In a world filled with various stressors and conflicts, it can often be difficult for adults and children to identify effective strategies to overcome these obstacles. Various coping skills, such as deep breathing, exercise, and listening to music, can be helpful for many individuals.
However, the practice of “mindfulness” can add an extra layer to these coping skills by not only teaching you what to do, but also how and why you’re doing them. Mindfulness seeks to help you pay attention to the present moment, rather than dwelling on the mistakes of the past, or the concerns of an uncertain future. It encourages you to acknowledge that what you are experiencing is challenging and overwhelming, while also recognizing your personal experiences with an open mindset of self-compassion. This will assist you in curtailing any negative self-talk or feelings of hopelessness, knowing that you’re capable of overcoming those trials.
Positive Self-Talk
The first thing to keep in mind when discussing mindfulness is that you are not asking yourself whether your thoughts or feelings are “right” or “wrong,” but whether your current patterns of thinking or actions are helpful in addressing the situation at hand, and whether they are helping you and your loved ones make progress. It can be automatic for any of us to get lost in our thoughts, replay negative events, and overthink scenarios that are oftentimes unlikely to ever happen.
For example, if you get a call from your child’s school that they were sent to the principal’s office for being disruptive in class, it can be a natural reaction to get frustrated with your child, and possibly your child’s school. You might dwell on thoughts such as, “Didn’t I teach my child how to behave appropriately?” or “Shouldn’t my child’s teachers know how to handle these situations?” or “Is my child always going to be like this?” Each of these questions are completely valid in a stressful situation. However, the next step would be to ask yourself whether continuing to ask these questions help you and your child learn and move forward, or dwell and remain stuck.
Defusing the Situation
A common mindfulness practice is meditation, which can be impactful for many individuals, but can also be daunting to those who are unfamiliar with how to meditate or are hesitant to commit to a strategy that may seem abstract at first glance.

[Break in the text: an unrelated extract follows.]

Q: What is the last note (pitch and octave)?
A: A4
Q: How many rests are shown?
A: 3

A parallel mindfulness strategy falls under the umbrella of “defusion.” Defusion techniques can help you validate your negative thought patterns, while also letting go of those potentially unproductive beliefs. These methods help you approach these situations by providing insight into the way your body feels, what your strengths are, what to be grateful for, as well as what potential triggers may be hindering you from moving forward.
An initial defusion practice consists of becoming aware of your body and environment in the present moment, independent of external stressors and triggers. This starts with closing your eyes, if you’re comfortable, and focusing on each part of your body, starting from the tips of your toes, up to your legs, through your arms and torso, and to the top of your head. Try spending several seconds on each body part, keying into any sensations or feelings. Next, tune into what you’re hearing in your environment, such as sounds in your home or neighborhood. Lastly, focus on what you may be smelling in your environment, whether pleasant or otherwise.

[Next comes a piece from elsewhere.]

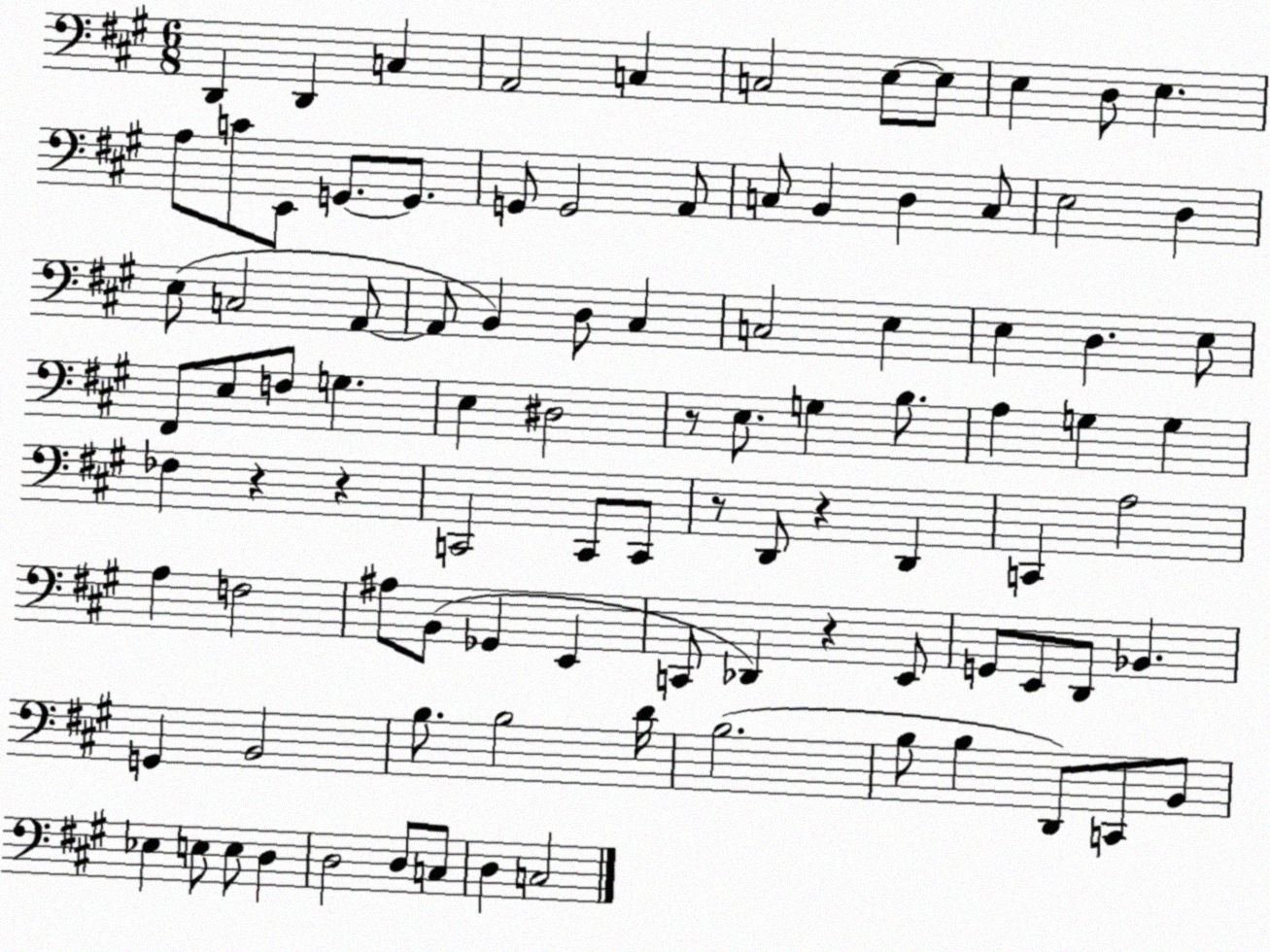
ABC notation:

Now open your eyes and become aware of how your body feels and what you’re thinking about. It’s very possible that you continued to have some invasive thoughts during that practice. The goal is that even if you’re having such thoughts, you’re acknowledging that they’re there before refocusing on one of the senses you were tuned into, and recognizing that despite the external world, you and your body are grounded in the present moment.
A Shift in Perspective
Another practice entails you thinking about or writing down a negative thought or experience you are having in the moment such as, “I’m angry because my boss sent me a frustrating email,” or, “I’m irritated because my child keeps whining.” Next, think about or write down two to three positive thoughts or experiences you have had either that same day or in the recent past, such as, “I had a good night’s sleep,” or, “I had a fun weekend with my family.”
Seeing the contrast between your current negative thought pattern in comparison to your positive thoughts can help defuse how threatening the negative thoughts may feel and also force you to focus on the positive aspects of your life, rather than purely the negative. If possible, try keeping a list of these thoughts on a regular basis, and even review past entries. It can help shift your perspective by seeing that while the current situation may be burdensome, the positives will frequently outweigh the negatives.
Keep in mind that one size doesn’t fit all, so it may take some experimentation to see which mindfulness technique works best for you. And just like with any skill in life, mindfulness takes consistent practice to forge positive change, such as by proactively committing to these strategies every night before bed. Remember that mindfulness practices aren’t meant to eliminate or cure any negative thought patterns, but rather reframe how you’re perceiving these thoughts. They can help you have the perspective that you and your loved ones are capable of living a rich and meaningful life by viewing your challenges not as problems, but as opportunities to learn and grow.